B  Propriety of the interlocutory sale
In its renewed motion for interlocutory sale, Silver Star cited (1) the excessive expense of keeping the vessel under seizure, and (2) the unreasonable delay in securing the release of the vessel. Both factors constitute valid and independent grounds for an interlocutory sale. See Fed.R.Civ.P.Supp.R. E(9)(b). The district court granted the motion and ordered the sale of the vessel, but made no separate findings of fact or conclusions of law supporting its order. The court did state in its order that Silver Star had moved the court for the interlocutory sale of the vessel pursuant to Rule E(9)(b) and that the "owner of the M/V SARAMACCA ha[d] failed to furnish security. . . ." It is undisputed that SMS failed to post security for the release of the vessel during the seven months between the time of arrest and the court's sale order. This delay in securing the release of the vessel was unreasonable. See Merchants Nat'l Bank v. Dredge Gen. G.L. Gillespie, 663 F.2d 1338, 1341-42 (5th Cir. 1981) (holding that the failure to secure the release of a vessel during the eight months after arrest constituted an unreasonable delay), cert. dismissed, 456 U.S. 966, 102 S.Ct. 2263, 72 L.Ed.2d 865 (1982); Ferrous Fin. Serv. Co. v. O/S Arctic Producer, 567 F. Supp. 400, 401 (W.D.Wash. 1983) (holding that the failure to secure the release of a vessel during the four months after arrest constituted an unreasonable delay). The interlocutory sale was therefore proper pursuant to Rule E(9)(b).
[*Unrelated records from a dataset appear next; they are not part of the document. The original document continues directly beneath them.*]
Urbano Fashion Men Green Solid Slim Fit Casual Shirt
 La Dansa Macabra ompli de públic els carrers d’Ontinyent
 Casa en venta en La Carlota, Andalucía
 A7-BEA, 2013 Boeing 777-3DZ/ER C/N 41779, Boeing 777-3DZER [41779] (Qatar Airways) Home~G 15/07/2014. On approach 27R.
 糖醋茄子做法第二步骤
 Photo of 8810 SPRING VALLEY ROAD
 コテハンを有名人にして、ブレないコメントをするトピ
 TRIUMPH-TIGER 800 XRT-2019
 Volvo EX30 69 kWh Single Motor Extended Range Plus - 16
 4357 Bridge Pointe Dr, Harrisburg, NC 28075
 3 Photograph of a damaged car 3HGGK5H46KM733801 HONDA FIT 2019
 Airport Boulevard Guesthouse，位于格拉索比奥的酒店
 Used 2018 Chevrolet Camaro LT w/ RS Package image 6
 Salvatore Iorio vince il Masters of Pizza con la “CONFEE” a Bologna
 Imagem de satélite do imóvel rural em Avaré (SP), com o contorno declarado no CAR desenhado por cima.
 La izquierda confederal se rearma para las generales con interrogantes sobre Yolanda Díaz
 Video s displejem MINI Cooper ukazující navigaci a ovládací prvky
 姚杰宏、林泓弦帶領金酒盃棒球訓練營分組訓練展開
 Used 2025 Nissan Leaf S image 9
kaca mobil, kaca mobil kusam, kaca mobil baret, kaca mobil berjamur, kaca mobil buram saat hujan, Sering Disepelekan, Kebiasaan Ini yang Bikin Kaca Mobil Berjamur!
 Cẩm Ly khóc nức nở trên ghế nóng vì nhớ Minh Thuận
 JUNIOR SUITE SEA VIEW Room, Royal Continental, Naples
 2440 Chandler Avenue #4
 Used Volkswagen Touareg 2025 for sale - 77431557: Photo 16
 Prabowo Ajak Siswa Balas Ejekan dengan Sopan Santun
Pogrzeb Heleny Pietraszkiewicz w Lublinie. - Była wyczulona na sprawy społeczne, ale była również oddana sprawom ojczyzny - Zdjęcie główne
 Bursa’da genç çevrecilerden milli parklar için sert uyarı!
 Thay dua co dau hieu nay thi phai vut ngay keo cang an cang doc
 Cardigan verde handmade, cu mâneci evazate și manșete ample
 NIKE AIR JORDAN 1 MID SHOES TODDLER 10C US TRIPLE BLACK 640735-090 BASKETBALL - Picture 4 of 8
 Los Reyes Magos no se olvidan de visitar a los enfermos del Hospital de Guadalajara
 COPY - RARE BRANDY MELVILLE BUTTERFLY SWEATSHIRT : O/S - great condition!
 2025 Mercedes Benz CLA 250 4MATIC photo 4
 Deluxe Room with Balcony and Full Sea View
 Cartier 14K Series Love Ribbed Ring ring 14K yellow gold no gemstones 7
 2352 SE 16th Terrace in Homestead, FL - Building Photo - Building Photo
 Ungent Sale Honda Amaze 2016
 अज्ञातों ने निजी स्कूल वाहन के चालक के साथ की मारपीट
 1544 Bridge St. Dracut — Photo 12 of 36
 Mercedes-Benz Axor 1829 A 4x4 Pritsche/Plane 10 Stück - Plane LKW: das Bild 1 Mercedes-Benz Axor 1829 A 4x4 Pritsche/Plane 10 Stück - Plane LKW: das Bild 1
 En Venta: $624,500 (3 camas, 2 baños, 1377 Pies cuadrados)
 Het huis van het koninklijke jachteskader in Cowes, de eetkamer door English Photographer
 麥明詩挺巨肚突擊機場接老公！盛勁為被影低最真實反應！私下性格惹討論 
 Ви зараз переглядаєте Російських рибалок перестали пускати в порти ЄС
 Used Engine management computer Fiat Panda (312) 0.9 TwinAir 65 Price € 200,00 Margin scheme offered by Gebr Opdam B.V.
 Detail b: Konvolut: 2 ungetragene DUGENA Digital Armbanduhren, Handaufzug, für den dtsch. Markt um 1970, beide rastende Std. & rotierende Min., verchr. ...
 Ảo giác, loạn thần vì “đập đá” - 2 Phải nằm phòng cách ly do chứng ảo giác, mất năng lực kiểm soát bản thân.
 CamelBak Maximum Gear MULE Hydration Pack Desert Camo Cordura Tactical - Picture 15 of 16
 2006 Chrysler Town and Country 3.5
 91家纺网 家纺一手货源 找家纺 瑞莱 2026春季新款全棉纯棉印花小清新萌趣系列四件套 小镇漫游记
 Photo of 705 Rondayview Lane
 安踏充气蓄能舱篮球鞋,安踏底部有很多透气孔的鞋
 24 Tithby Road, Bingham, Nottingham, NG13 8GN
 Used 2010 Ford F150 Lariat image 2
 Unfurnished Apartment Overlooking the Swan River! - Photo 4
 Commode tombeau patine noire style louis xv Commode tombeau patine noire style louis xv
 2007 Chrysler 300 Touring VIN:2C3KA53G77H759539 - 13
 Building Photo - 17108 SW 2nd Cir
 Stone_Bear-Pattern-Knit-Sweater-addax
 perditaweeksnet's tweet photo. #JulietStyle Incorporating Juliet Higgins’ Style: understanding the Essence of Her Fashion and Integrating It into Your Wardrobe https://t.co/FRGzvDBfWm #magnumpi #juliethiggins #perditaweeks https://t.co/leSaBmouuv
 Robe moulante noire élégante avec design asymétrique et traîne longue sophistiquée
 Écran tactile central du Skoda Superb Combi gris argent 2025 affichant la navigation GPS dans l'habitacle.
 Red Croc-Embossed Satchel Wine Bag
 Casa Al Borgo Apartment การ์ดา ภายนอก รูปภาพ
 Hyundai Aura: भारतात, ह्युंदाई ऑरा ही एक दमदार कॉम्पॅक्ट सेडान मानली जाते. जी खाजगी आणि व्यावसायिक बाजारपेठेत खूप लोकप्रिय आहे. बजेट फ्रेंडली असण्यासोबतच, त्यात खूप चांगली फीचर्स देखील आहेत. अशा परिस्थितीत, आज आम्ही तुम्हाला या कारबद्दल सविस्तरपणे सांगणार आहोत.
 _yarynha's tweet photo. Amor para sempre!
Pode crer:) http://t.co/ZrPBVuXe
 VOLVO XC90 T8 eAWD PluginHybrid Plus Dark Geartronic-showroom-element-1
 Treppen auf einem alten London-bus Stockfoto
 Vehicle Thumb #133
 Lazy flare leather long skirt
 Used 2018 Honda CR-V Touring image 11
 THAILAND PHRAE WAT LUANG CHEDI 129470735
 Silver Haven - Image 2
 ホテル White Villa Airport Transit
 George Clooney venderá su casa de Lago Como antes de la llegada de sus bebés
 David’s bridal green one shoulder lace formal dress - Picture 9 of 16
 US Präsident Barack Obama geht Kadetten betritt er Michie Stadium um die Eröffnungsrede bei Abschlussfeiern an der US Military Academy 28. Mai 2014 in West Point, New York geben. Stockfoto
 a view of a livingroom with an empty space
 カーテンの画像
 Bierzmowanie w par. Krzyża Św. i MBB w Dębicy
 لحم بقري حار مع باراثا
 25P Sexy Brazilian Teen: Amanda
Because we are sufficiently informed as to the district court's rationale, and the record contains undisputed facts which support the court's ruling, a remand for findings of fact and conclusions of law is unnecessary. See Armstrong v. Collier, 536 F.2d 72, 77 (5th Cir. 1976) (stating that a remand for failure to comply with Fed.R.Civ.P. 52(a) is not required if a complete understanding of the issues may be had without the aid of separate findings); 9 Charles A. Wright Arthur R. Miller, Federal Practice and Procedure § 2577 (1971).
The vessel was arrested on April 15, 1992. The district court's interlocutory sale order was filed on November 20, 1992.
For the foregoing reasons, we DISMISS from this appeal all issues except the propriety of the district court's interlocutory sale order. We AFFIRM the district court's judgment regarding the interlocutory sale of the vessel, and REMAND to the district court to reschedule the date of the sale. We further VACATE our prior order staying the sale of the vessel.